Один из современных пастырей так определяет духовный механизм обиды в нашем сердце: «Когда человек грешит, он отделяется от ближних и приобретает чувство, что они его не любят, не жалеют, не думают о нем, не интересуются им.
Подобно тому, как язык, потерявший чувство вкуса, не ощущает сладость мёда, так и человек греха страдает нечувствием, не воспринимает любовь людей, обижается и всё толкует неправильно, считая, что все хотят ему зла, что все живут и радуются, а его бросили.
И даже если ты прольешь за него кровь, он даст другое толкование твоей любви. Если ты скажешь ему что-то доброе, он посчитает, что ты вмешиваешься в его жизнь. Если скажешь ему: садись тут, он будет считать, что ты его презираешь. Грешный человек живет в оковах своего греха и страшной темнице своего одиночества.
Когда человек, оказываясь в подобных ситуациях много раз, приходит к выводу, что ближние его не любят, не жалеют, не помогают ему, что они в чем-то виноваты, то совершенно ясно, что он согрешил.
Тот, кто освободился от греха, приобретает чувство, что все его любят, жалеют, всех он ощущает как родных, ему хочется всех обнять, потому что все исполнены милости к нему. Итак, чем более я освобождаюсь от греха, тем более прихожу в единство с ближними. И наоборот, чем больше грешу, тем больше от всех отделяюсь».
Это наставление касается, конечно, в первую очередь, взрослых. Но лучше не провоцировать развитие страсти памятозлобия у ребенка, который еще не совсем точно понимает, «что такое хорошо, а что такое плохо», душевно слаб и незрел.
У ребенка есть самолюбие и гордость, но это совсем не то же самое, что самость и гордыня. Часто провоцируя обиду и развивая обидчивость у своих детей, мы также развиваем у них и гордыню, которая, по свидетельству святых отцов, мать многих грехов.
Что же делать? Посадить своих чад под стеклянный колпак, чтобы оградить от обид? Это невозможно. Обиды в их жизни обязательно будут – увы, через это испытание проходит каждый.
Но…пусть хотя бы в самую светлую пору детства обиды не исходят от близких людей. Мама и папа дают ребенку чувство надежности и защищенности, это их начало начал и главная точка опоры. И именно с доверия к близким людям начинается доверие к Богу, познавая Которого, ребенок смотрит на своего отца.

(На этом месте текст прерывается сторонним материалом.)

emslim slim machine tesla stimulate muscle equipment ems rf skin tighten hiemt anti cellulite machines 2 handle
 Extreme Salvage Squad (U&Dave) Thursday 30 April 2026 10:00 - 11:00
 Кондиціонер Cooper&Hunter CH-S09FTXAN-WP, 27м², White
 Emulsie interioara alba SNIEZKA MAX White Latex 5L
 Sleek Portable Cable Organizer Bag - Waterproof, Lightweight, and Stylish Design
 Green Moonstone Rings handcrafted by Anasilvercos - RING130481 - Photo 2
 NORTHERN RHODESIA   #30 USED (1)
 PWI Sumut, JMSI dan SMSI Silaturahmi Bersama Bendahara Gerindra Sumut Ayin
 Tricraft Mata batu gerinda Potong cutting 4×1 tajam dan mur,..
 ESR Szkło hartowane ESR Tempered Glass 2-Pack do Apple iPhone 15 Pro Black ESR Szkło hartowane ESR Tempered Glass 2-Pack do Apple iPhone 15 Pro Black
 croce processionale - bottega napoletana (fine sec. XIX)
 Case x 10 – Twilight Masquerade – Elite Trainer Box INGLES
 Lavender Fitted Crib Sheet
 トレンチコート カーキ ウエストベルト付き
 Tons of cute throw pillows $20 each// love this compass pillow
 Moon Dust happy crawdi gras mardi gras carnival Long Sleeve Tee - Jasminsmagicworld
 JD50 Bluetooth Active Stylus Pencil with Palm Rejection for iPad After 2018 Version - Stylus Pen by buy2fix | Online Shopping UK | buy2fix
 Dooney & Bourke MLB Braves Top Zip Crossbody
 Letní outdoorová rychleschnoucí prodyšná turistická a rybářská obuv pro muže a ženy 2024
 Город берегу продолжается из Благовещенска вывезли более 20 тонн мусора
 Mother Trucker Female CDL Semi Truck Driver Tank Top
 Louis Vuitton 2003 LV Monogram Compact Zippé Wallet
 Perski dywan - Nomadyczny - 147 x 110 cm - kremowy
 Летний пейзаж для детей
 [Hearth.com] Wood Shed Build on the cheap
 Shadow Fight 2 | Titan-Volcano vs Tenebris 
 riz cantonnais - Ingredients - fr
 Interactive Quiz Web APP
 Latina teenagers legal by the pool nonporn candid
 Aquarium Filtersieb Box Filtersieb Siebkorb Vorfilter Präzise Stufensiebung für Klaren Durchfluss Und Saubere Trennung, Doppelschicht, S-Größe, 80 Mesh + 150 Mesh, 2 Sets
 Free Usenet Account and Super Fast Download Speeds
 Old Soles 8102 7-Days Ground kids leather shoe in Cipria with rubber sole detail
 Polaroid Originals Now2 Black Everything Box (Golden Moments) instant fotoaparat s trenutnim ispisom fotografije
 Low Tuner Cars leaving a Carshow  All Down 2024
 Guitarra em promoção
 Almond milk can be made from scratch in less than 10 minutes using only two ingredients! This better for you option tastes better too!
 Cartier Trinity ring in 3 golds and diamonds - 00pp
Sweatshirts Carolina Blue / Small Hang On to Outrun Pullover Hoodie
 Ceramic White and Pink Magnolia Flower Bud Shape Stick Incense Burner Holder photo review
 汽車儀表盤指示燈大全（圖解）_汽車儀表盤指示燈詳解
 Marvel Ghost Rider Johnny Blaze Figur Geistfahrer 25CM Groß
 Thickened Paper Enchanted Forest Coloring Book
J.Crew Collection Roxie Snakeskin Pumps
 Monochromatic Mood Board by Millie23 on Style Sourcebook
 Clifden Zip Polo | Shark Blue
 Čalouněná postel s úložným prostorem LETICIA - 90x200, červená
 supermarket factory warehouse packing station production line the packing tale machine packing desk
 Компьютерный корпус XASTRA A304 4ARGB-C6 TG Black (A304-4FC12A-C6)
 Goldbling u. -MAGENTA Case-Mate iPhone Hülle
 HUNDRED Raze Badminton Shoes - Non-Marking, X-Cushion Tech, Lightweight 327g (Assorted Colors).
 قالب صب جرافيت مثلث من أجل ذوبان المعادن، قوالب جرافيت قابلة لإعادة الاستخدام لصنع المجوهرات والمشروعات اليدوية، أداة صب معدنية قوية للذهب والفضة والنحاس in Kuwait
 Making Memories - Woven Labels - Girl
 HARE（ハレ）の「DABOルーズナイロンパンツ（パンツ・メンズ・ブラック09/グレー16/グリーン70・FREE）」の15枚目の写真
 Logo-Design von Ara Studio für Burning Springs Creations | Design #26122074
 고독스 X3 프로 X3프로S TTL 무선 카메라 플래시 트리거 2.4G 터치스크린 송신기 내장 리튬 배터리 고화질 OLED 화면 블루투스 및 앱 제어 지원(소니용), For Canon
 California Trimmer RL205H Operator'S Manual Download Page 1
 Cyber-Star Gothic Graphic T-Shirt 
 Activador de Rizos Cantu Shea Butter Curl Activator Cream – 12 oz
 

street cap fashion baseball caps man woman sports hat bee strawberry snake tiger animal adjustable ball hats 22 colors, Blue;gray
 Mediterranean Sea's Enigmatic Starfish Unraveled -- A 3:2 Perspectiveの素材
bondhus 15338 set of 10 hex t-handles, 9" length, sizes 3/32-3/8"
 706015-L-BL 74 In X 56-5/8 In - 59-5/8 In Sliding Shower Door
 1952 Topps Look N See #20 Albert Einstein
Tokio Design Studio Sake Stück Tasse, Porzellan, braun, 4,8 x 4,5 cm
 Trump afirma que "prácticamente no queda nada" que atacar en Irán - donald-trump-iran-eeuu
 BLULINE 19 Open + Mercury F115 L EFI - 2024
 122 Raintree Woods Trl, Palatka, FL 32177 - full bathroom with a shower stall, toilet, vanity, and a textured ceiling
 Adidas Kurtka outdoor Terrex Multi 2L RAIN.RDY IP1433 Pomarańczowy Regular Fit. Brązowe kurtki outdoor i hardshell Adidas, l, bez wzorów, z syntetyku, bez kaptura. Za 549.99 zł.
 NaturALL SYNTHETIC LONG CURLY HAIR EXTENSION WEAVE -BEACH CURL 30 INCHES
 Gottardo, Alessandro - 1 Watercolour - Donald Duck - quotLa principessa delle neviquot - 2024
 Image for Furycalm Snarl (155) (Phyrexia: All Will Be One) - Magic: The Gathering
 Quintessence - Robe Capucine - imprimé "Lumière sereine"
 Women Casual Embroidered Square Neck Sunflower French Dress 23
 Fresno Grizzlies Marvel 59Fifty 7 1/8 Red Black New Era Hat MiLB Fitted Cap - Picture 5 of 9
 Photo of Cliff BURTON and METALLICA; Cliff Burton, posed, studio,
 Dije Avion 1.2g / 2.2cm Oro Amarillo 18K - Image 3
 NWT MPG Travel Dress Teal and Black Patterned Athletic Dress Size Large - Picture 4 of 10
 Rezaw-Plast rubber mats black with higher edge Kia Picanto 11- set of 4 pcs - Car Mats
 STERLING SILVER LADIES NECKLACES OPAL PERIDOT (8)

Слово наказание происходит от слова «наказ» – то есть поучение, наставление. Наказание ребенка в этом смысле, похоже, необходимо, потому что учить и наставлять детей – наша родительская обязанность.
Но любое наказание и лишение, исходящее от любящих родителей – будь то легкий шлепок, отправка в угол или три для без сладкого – должно быть спокойным и справедливым, а не выглядеть злой взрослой местью. И, если мы поведем себя разумно и снисходительно, если мы очень постараемся – оно не будет воспринято как обида.